On Sun, 31 May 1998, Ricardo Kleemann wrote:
> plug-gw was suggested but it may not be ideal since it runs off inetd.
plug-gw -daemon
works for me, and the number of these running have bugger-all load on our
firewall machine (a lowend 486 ;) )
> Someone else mentioned tcpserver, and I'm confused as to whether tcpserver
> would work for what I need.
tcpserver (as far as I know) is kinda a inetd with limits? *shrug*
> Now I'm also hearing about masquerading...
Ok, you can have:
Firewalled Client -> Firewall -> Squid outside firewall -> Internet
or
Firewalled Clients -> Firewall running Squid -> Internet
or
Firewalled Clients -> Squid -> Firewall -> Squid -> Internet
Inside Outside
Firewall Firewall
(hmmm, squid inside logo? ;) )
With all of the above, the Firewall can play with the packets:
Invoke a plug-gw or equiv from inetd or equiv (per transaction hole)

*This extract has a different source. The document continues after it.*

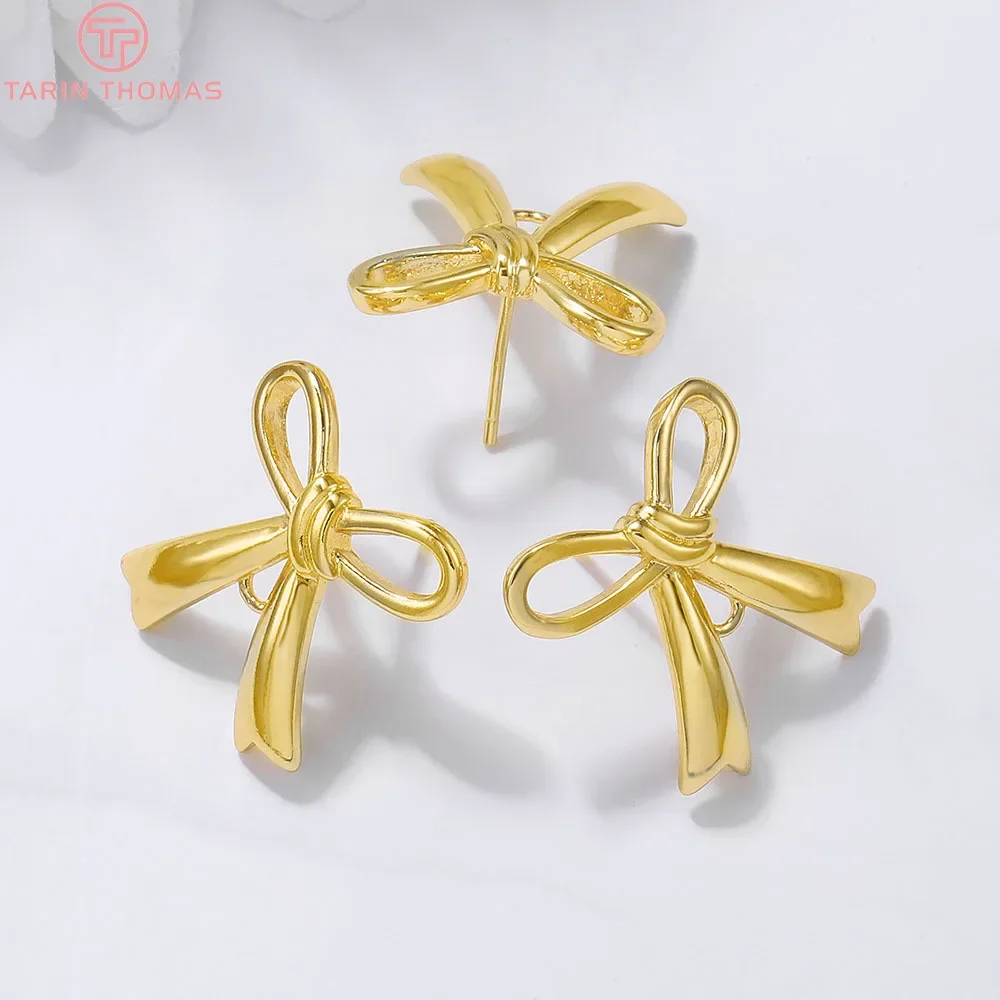 (2062)4PCS 18x19MM 24K Gold Color Brass Bow Knot Stud Earrings High Quality Diy Jewelry Findings Accessories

Have a dedicated plug-gw or equiv passing connections through (permanent
hole)
Route blocking, ie the clients behind the firewall have real IPs, but are
not routed directly, but can reach the squid box (firewall does strict
routing)
Or finally, masquarading, where the firewall keeps track of each
packet/tcp stream, and makes it appear to be comming from the firewall
itself when its really coming from a machine behind the firewall.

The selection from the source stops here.